The Philadelphia Orchestra emerged from 15 months of Chapter 11 bankruptcy protection Tuesday after a federal judge approved its reorganization plan. The protracted and controversial reorganization saw the orchestra reach a new labor deal with musicians, end a planned merger with the Philly Pops, and reach rent concessions from its landlord at the Kimmel Center.
U.S. Bankruptcy Court Judge Eric L. Frank approved the plan at a hearing on June 28 but the process of cutting checks and other administrative matters took another month to finish.

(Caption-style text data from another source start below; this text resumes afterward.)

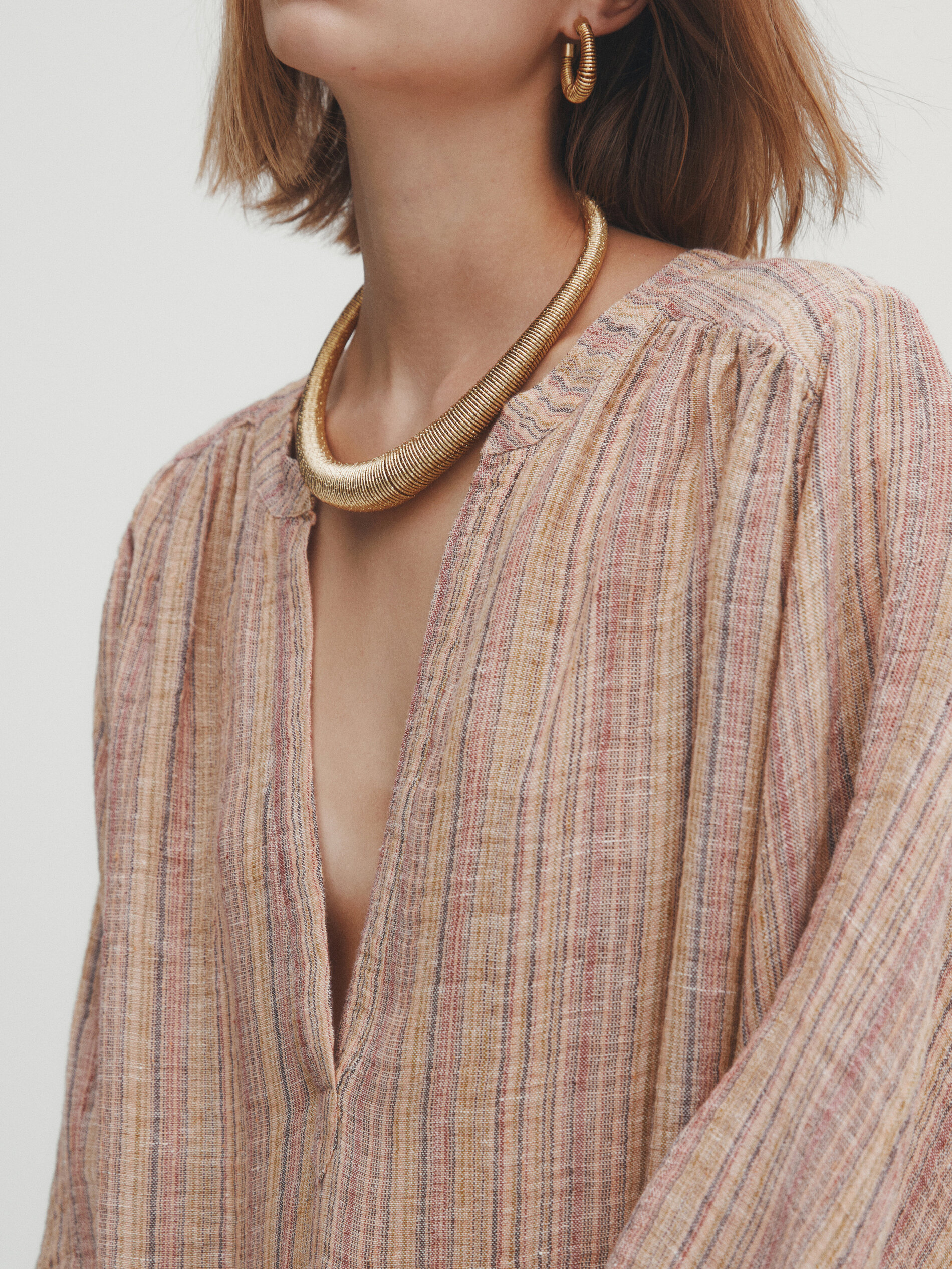 Vestido túnica rayas mezcla lino - Combinado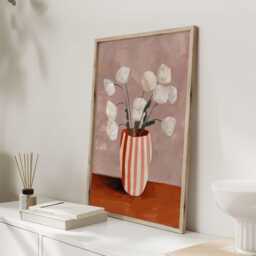 Striped Vase Floral Art Print, Modern Still Life With White Flowers, Warm Peach & Terracotta Wall For Kitchen, Dining Room Or Hallway - thumbnail 3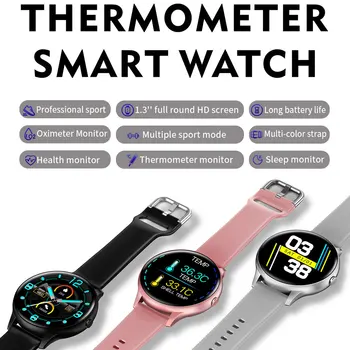 Smart Žiūrėti K21 Termometras Vandeniui Kraujo Spaudimas Fitness Tracker 8 Sporto Rūšių Moterų Apyrankės Smartwatch 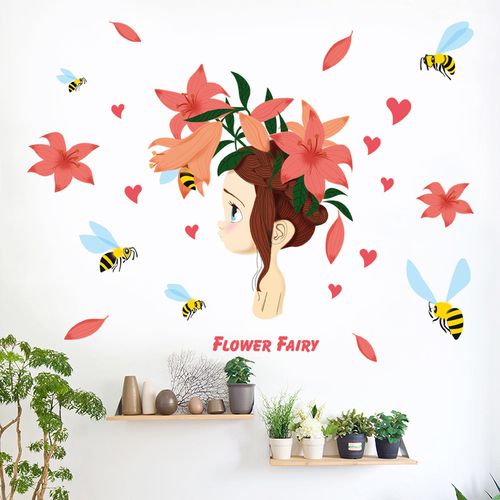 卡通贴女生房间卧室寝室宿舍小清新动漫人物墙贴房门客厅贴画【蔷芙】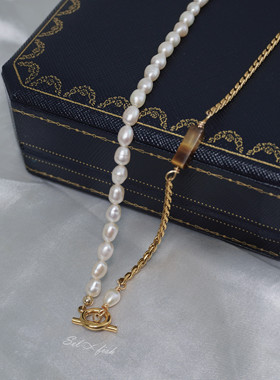法式复古天然珍珠虎眼石项链手链
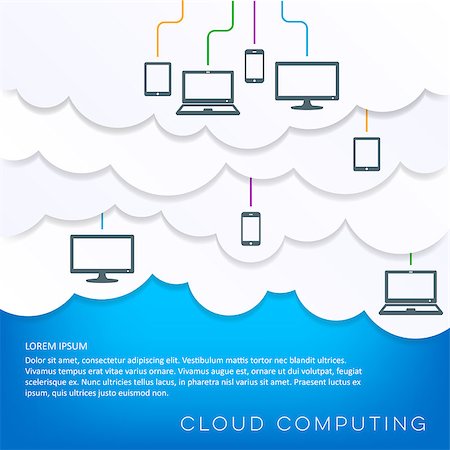 simsearch:400-08096956,k - Original vector cloud computing concept with connected devices Stock Photo - Budget Royalty-Free & Subscription, Code: 400-08811848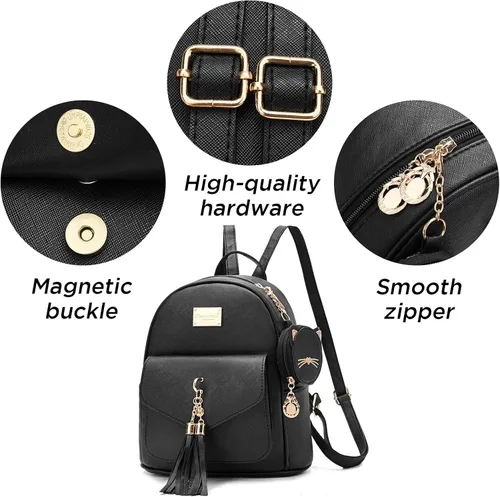 Vista 7 de I IHAYNER Mochila de moda para niñas, mini monedero, mochila pequeña de cuero para adolescentes, niñas con monedero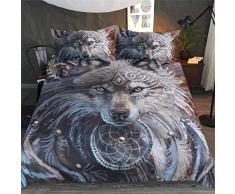 Fansu Juego de Ropa de Cama 3 Piezas Microfibra Animal Juego de Fundas de Edredón Incluye 1 Funda Nórdica y 2 Funda de Almohada (135x200cm,Cazador de sueños Lobo)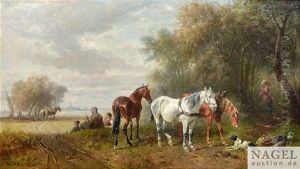 Bauern Und Pflugpferde Bei Der Mittagsrast by Ludwig Hartmann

The orchestra declared Ch. 11 in April 2011, blaming its financial troubles on a poor economy, declining ticket sales and reduced gifts from donors.
Through its reorganization, the orchestra said it addressed more than $100 million in claims, debts and liabilities with a settlement of $5.49 million. Of that total, $4.25 million will be paid to creditors immediately, with the rest on a sliding-scale formula.
As part of the settlement, the orchestra has revised its agreement with the Annenberg Foundation, its largest donor, whose contributions account for half the orchestra's endowment. The philanthropy will now have greater powers of oversight and control over how investment income from its gift is spent.
While many U.S. orchestras have faced financial troubles in recent years, the Philadelphia Orchestra is the first major ensemble to declare bankruptcy. The Philadelphia Inquirer reports that it now faces almost $10 million in fees and expenses as a result of Ch. 11. A new music director, Yannick Nézet-Séguin, arrives in October and will bring the orchestra to Carnegie Hall on Oct. 23.